They also found this:
The weight of the adrenal gland was similar in rats on all diets; however, when normalized to body weight CR and IF diets caused a relative increase in adrenal size, the magnitude of which was greater in females, compared with males.
And this:
The testicular weight was unaffected by any of the diets. In contrast, both CR diets and the IF diet caused a decrease in the size of the ovaries.

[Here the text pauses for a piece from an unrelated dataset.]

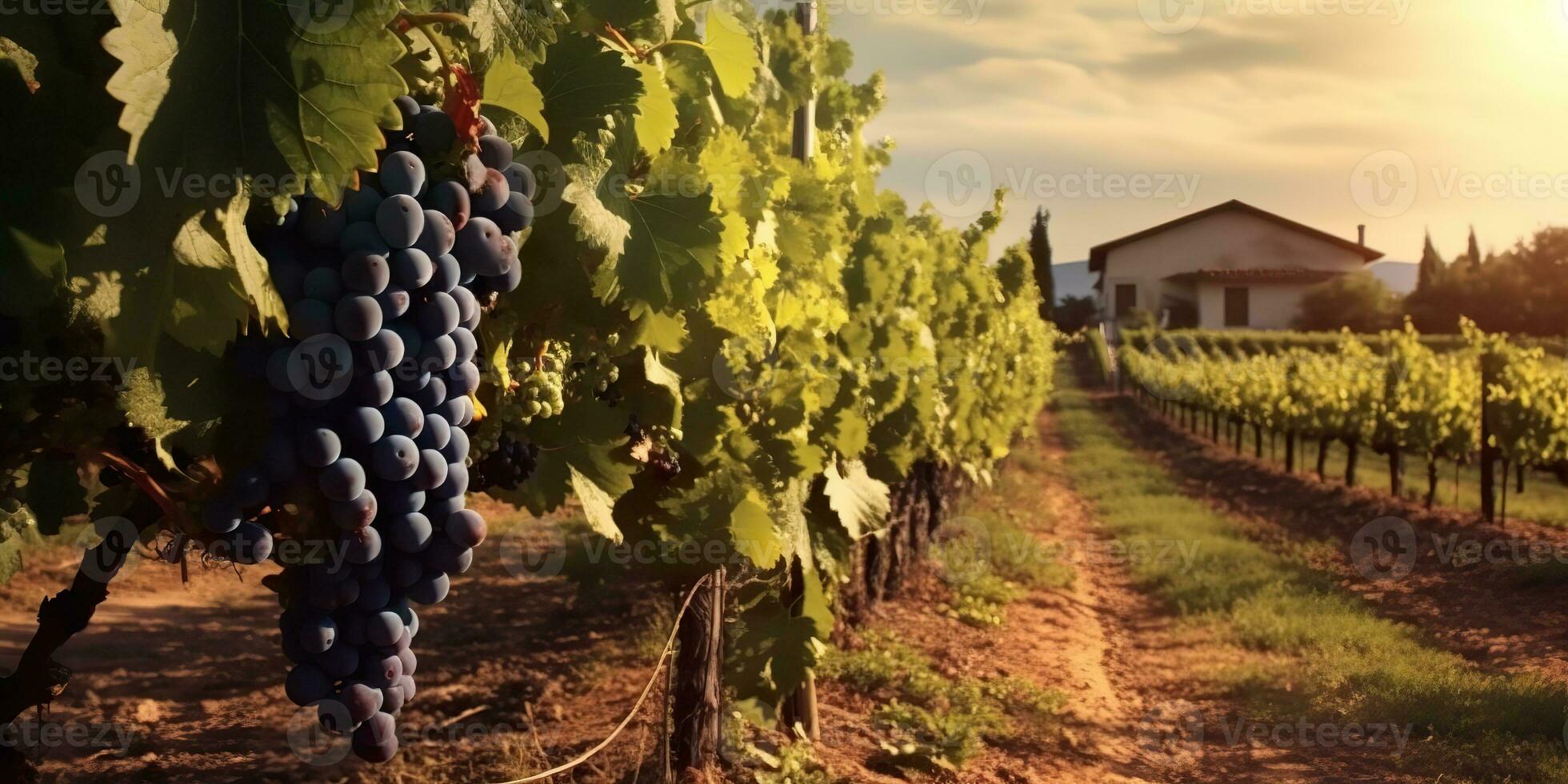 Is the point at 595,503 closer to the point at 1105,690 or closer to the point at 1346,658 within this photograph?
the point at 1105,690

And this, bearing in mind that “daytime” for nocturnal rats is “nighttime” for humans:
The daytime activity of females was doubled in response to IF, whereas the IF diet did not affect the activity level of males. Nighttime activity levels of males and females were unaffected by dietary energy restriction.
And this:
Uterine activity was monitored daily with vaginal smear tests; cyclicity was scored as regular, irregular, or absent. The mild energy-restriction diets (20% CR and IF) significantly increased the proportion of animals displaying irregular cycling patterns, whereas the 40% CR animals displayed an almost complete loss of estrous cyclicity.
And this:
In males, corticosterone levels were elevated only in response to the 40% CR diet, whereas in females corticosterone levels were significantly elevated in response to all three energy-restriction diets, suggesting a relative hyperactivation in females of the adrenal stress response to reduced energy availability.
For lipids, all the rats did well: “Collectively, these data suggest that atherogenic profiles of both males and females are improved by dietary energy restriction.” Interestingly, too, as they pointed out in the abstract,
human females also perform cognitively much “better” (memory and alertness) on CR and IF diets than on normal feeding schedules.
Some caveats to this study: A) They are rats. B) They are somewhat “metabolically morbid” rats, which may make them more susceptible to disease. C) The rats were allowed to eat ad libitum on the IF days, but they simply did not meet their caloric requirements this way. So while it is a somewhat natural form of IF, it is still calorically reduced, such that that must be taken into account when gasping in horror at the hormonal responses of IF-ing female rats.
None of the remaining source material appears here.